Sunday, December 19, 2021

Review: Nightmare Alley

Image courtesy of Fox Searchlight Pictures.

A stylish noir epic with a humdinger of an ending, Guillermo del Toro's "Nightmare Alley" is one of the darkest Hollywood films I've seen in some time. Based on the 1947 film of the same name starring Tyrone Power, the picture is oozing with atmosphere, features a number of great actors in supporting performances and is often terrifying as to how far into the depths of human depravity it is willing to plunge.

The film stars Bradley Cooper as Stanton Carlisle, a con man whom we first see burning a body in an abandoned house in the middle of nowhere and then catching a bus to a small town, where he stumbles upon a carnival and finds employment. We're pretty far well into the film when Cooper actually speaks his first line of dialogue, and it's when his attention has been caught by one of the carnival's performers - the geek, a haggard man kept in a cage who bites the heads off chickens.

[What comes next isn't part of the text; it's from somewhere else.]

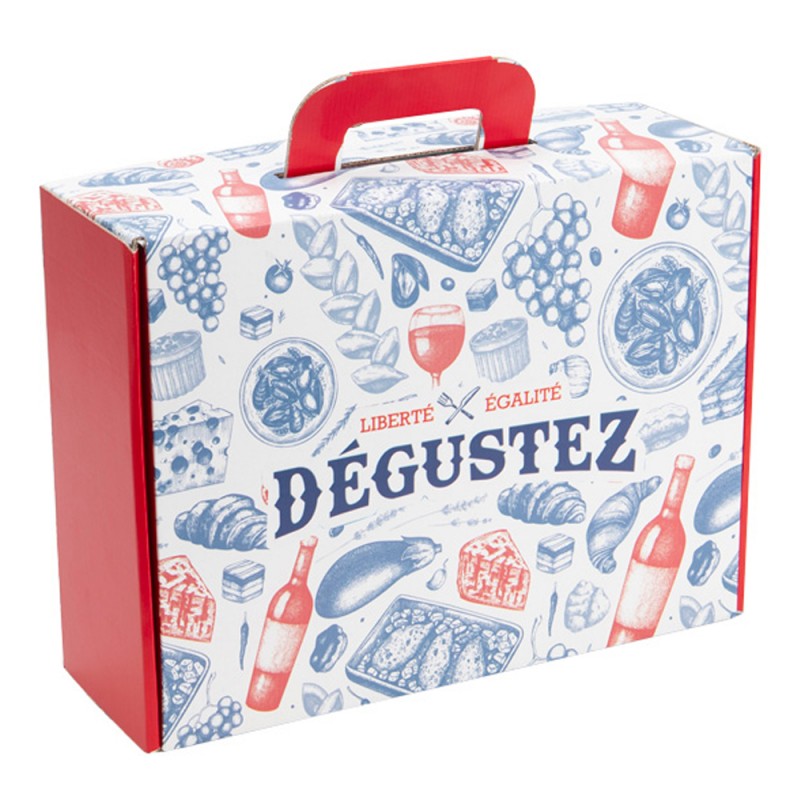 Valisette rectangulaire carton Degustez 36x27x12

Cooper is hired to do odd jobs at the carnival by Clem (Willem Dafoe), an unscrupulous man who tells Stanton that the way he finds his geeks is seeking out desperate drunks whom he slowly feeds opium in the rations of booze he doles out and gets them hooked. At that point, they will do anything - including biting the heads off chickens - for that next sip.

Stanton finds success in the carnival and a new group of friends - including Molly (Rooney Mara), a shy girl he woos whose acts involves being shocked with electricity, and Zeena and Pete (Toni Collette and David Strathairn), a pair whose mind reading act intrigues Stanton. Under Pete's tutelage, Stanton gets incorporated into the act, and eventually plans to break out on his own by using the tricks of the trade. He convinces Molly to run away with him - much to the chagrin of Bruno (Ron Perlman), a burly carnie who acts as her guardian - and the two find success as stage mystics.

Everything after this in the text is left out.